Determination of the first-generation quark couplings at the Z-pole
Krzysztof Mękała, Daniel Jeans, Jürgen Reuter, Junping Tian, Aleksander Filip Żarnecki
TL;DR
This work presents a method to determine the Z boson couplings to first-generation quarks by comparing radiative and non-radiative hadronic decays at the Z-pole. It combines detailed event simulation (Whizard for matrix elements with hard photons, ISR/FSR matching, Pythia hadronisation, and Delphes detector effects) with a maximum-likelihood framework across jet-flavour categories to extract $c_u$ and $c_d$, including systematic uncertainties. The study finds that heavy-flavour tagging systematics dominate the error budget, requiring sub-permille tagging to fully exploit future high-luminosity colliders and potentially improving LEP constraints by an order of magnitude.
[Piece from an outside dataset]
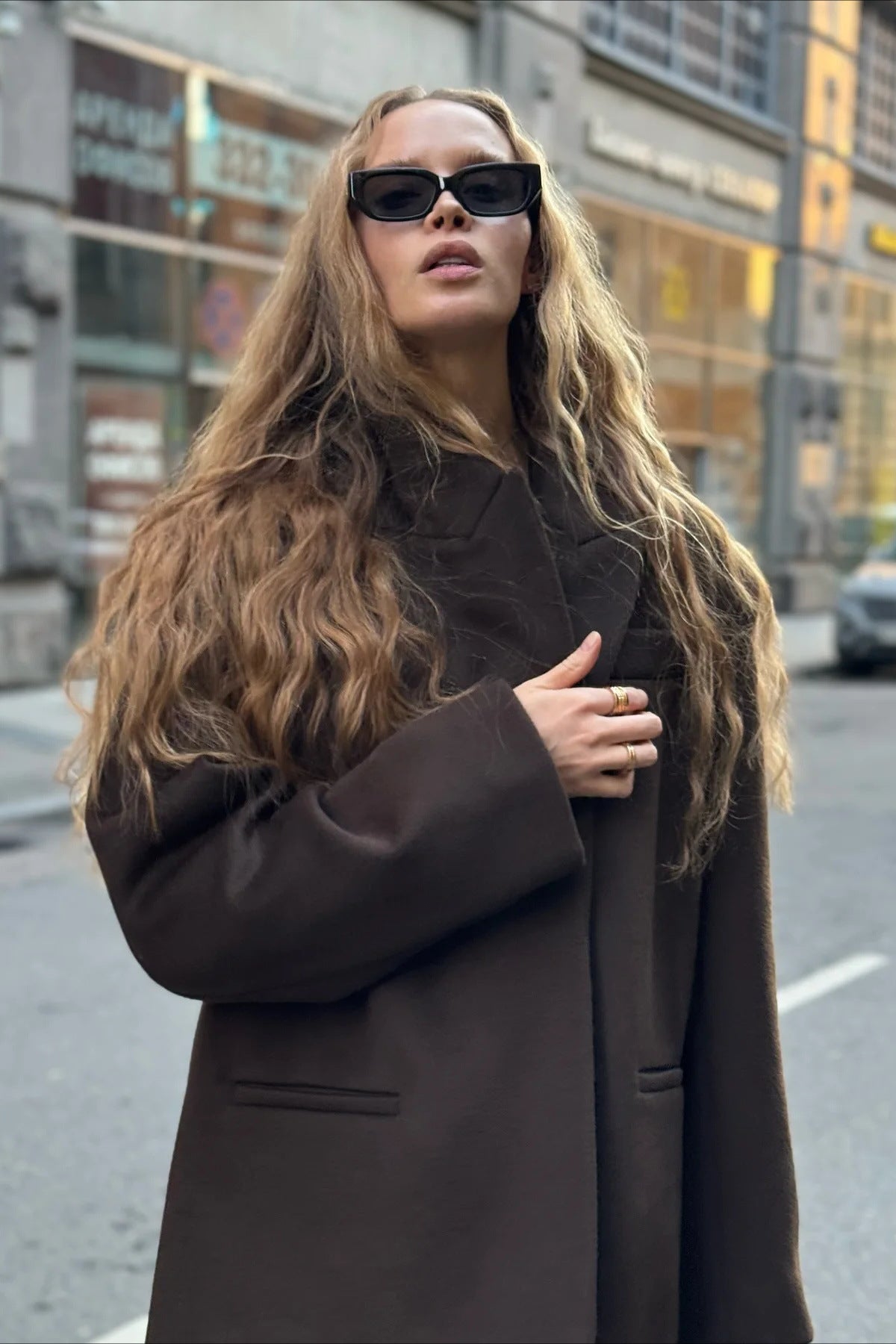 Chic Fringe Wool Coat for Effortless Street Style Elegance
The approach generalizes to all five flavours (2-flavour and 5-flavour fits) and shows promising prospects for sub-percent precision on light-quark couplings, with substantial gains for $b$ and $c$ couplings as well.
Abstract
Electroweak Precision Measurements are stringent tests of the Standard Model and sensitive probes to New Physics. Accurate studies of the $Z$-boson couplings to the first-generation quarks, which are currently constrained from LEP data to a few percent, could reveal potential discrepancies from the theory predictions. Future $e^+e^-$ colliders running at the $Z$-pole would be an excellent tool for an analysis based on a comparison of radiative and non-radiative $Z$ boson decays. In this paper, we present a method to extract the values of the $Z$ couplings to light quarks and discuss the uncertainty of the measurement, including contributions from various systematic effects. We show that systematic uncertainty in the heavy-flavour tagging performance is the key factor in the analysis and reducing it to a sub-permille level might be crucial to fully profit from the high luminosity of future $e^+e^-$ machines. The measurement could improve the LEP results by at least an order of magnitude.